OOOHHHHH she is stunning!!! i really want a red eye tree frog now!! LOL hubby won't be impressed! well done though set up is fab! xx


----------



## x_Living_Dead_Girl_x (Feb 16, 2009)

Wow! That looks really nice ^_^ Well done hun!


----------



## sallyconyers (Mar 21, 2008)

Really cool design - i really like it. I think I am going to look out for an exo terra to do up so I can make Carlos a really awesome home without him being homeless during alterations!!


----------



## chondro13 (Aug 18, 2008)

awww huni shes just beautiful!!!! viv is so lovely too - you really cant tell how great vivs look in a picture - you have to get the 'depth' of it with a video :flrt: amazing! really makes me want RETFs... BAD girl - VERY BAD GIRL!!!....


----------



## ilovetoads2 (Oct 31, 2008)

THanks again, yeah you are right about that pic...it is just a shame that that is the wrong video...the other was kinda like a tour. 
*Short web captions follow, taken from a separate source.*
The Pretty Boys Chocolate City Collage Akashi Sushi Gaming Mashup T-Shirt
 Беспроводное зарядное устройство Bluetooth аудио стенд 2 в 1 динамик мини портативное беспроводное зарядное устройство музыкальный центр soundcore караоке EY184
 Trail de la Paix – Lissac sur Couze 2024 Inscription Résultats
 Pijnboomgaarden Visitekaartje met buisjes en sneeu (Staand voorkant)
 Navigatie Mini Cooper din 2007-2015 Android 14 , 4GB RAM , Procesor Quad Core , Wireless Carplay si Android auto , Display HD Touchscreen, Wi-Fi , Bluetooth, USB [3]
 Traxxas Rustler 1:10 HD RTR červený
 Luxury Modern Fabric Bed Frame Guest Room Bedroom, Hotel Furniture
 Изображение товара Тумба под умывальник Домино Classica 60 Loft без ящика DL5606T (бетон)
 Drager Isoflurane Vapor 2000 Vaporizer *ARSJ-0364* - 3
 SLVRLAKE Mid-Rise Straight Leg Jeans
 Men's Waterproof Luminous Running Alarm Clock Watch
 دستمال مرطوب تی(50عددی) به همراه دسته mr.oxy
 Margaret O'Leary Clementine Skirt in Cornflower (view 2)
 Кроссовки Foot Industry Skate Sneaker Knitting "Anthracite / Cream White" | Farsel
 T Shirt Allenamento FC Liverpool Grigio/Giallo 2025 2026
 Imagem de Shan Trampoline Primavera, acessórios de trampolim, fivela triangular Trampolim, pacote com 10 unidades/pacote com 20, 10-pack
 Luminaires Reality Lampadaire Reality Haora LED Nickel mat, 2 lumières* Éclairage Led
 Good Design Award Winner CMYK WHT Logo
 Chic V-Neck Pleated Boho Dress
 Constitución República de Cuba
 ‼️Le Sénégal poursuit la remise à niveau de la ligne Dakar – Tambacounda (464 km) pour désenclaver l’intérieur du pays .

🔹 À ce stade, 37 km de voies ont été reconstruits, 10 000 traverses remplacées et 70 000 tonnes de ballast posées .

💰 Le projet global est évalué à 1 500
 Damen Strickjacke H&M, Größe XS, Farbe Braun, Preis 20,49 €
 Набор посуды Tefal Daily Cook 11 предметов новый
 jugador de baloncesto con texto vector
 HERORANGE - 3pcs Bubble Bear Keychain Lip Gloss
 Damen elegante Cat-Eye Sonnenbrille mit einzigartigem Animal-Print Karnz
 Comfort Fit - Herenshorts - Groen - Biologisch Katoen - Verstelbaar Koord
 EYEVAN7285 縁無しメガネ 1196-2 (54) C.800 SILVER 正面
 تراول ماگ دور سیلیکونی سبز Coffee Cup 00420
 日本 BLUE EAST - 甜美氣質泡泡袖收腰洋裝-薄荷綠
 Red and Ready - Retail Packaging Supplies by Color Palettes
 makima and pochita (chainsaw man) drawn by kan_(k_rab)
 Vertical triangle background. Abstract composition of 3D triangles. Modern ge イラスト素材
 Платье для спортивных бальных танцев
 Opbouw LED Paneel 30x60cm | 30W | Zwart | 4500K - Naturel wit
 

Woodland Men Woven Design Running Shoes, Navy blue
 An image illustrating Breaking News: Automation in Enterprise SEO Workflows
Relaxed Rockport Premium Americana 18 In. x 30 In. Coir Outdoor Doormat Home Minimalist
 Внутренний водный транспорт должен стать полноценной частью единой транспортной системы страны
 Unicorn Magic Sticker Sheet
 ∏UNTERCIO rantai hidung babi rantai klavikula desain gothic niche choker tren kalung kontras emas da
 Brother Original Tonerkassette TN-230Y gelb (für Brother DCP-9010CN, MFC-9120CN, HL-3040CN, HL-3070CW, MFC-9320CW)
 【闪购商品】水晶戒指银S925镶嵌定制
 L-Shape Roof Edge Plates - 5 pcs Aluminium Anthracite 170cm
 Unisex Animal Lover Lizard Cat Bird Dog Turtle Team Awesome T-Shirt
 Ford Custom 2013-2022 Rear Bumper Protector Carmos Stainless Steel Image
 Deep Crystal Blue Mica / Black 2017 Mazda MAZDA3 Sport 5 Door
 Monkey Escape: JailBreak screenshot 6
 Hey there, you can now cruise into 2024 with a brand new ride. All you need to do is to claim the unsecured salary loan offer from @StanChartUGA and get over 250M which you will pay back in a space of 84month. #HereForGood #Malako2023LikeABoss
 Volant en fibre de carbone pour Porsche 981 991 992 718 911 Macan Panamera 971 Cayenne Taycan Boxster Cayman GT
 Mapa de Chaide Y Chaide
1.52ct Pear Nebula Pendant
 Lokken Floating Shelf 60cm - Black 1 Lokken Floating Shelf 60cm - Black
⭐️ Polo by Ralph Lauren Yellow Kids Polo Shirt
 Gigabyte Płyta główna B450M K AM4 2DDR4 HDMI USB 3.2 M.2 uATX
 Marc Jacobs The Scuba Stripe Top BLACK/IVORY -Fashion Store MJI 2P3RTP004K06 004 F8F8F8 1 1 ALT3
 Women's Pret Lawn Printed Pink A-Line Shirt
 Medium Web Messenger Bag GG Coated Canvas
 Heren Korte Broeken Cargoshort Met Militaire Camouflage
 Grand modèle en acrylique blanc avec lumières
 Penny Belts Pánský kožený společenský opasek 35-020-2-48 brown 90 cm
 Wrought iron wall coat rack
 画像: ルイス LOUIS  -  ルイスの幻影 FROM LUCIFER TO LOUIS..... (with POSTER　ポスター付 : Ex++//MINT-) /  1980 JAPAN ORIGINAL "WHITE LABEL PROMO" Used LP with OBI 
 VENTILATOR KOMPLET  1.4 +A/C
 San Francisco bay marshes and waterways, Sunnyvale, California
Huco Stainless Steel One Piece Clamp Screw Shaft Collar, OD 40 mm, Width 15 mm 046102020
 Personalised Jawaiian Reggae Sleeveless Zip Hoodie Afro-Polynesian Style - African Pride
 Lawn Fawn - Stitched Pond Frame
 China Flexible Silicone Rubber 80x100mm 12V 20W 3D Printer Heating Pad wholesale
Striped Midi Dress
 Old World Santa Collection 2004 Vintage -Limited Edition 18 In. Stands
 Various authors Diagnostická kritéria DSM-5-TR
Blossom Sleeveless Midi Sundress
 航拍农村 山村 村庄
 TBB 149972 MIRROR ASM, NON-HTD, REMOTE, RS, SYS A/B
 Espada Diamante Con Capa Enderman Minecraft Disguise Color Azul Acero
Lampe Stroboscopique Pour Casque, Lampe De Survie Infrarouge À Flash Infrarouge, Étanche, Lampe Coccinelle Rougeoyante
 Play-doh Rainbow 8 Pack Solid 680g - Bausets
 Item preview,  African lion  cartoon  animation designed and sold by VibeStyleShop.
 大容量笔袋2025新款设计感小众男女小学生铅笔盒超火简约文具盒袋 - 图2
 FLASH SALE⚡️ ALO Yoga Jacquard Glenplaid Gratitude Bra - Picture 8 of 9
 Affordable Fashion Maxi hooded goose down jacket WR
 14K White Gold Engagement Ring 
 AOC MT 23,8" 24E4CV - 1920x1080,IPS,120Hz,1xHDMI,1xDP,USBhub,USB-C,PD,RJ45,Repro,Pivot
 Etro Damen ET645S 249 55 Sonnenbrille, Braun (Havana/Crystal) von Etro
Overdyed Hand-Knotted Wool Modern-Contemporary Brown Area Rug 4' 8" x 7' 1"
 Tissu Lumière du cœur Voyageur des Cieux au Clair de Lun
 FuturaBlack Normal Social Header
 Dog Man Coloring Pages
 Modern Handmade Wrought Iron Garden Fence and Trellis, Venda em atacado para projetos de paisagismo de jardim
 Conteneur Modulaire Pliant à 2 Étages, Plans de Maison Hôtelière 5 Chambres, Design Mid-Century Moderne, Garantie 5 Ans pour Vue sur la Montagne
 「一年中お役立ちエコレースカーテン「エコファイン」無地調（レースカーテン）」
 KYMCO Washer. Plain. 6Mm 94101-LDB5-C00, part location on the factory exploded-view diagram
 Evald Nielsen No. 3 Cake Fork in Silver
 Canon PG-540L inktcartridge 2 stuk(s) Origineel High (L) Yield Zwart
Getting the male frog either tomorrow or Friday so I will do another when he arrives...his temporary tank looks okay...just basic, but he should be happy enough for the next 6-8 weeks...I am sooooo excited...I hope he calls...dont know what I am gonna call him either....my hubby said we should change Bettys name cause he hates it...what do we think about changing names???:whistling2:


----------



## chondro13 (Aug 18, 2008)

ilovetoads2 said:


> THanks again, yeah you are right about that pic...it is just a shame that that is the wrong video...the other was kinda like a tour.
> 
> Getting the male frog either tomorrow or Friday so I will do another when he arrives...his temporary tank looks okay...just basic, but he should be happy enough for the next 6-8 weeks...I am sooooo excited...I hope he calls...dont know what I am gonna call him either....my hubby said we should change Bettys name cause he hates it...what do we think about changing names???:whistling2:



hehe i changed the name of my 'female' leopard gecko when it turned out she was a boy! she was really jumpy so it was an excuse to change the name to 'tweak' - that jumpy kid from south park :lol2:

i say change the name to suit the new boy :2thumb: keep hubby happy as im sure youve driven him mad with the tank building!! hehe x


----------



## andaroo (Nov 14, 2008)

I looks beautiful, great job!

Ouch! Why does she jump up like that in the video? I bet she was seeing stars afterwards! lol


----------



## ilovetoads2 (Oct 31, 2008)

Yeah. the cricket was on the screen lid. She does that sometimes. I would normaly knock them down into the tank but as she was just settling in I just did not want to irritate her...checked her nose though and she is fine. She always dives for her food like that though. She is funny. I love her. :flrt:


----------



## andaroo (Nov 14, 2008)

Aww  
So they dive at their prey instead of flicking out their tongues?


----------



## ilovetoads2 (Oct 31, 2008)

Yeah I know I was surprised too! The male that ate before he died at the same way...they dont seem to have long sticky tongues...I dont think darts have them either...


----------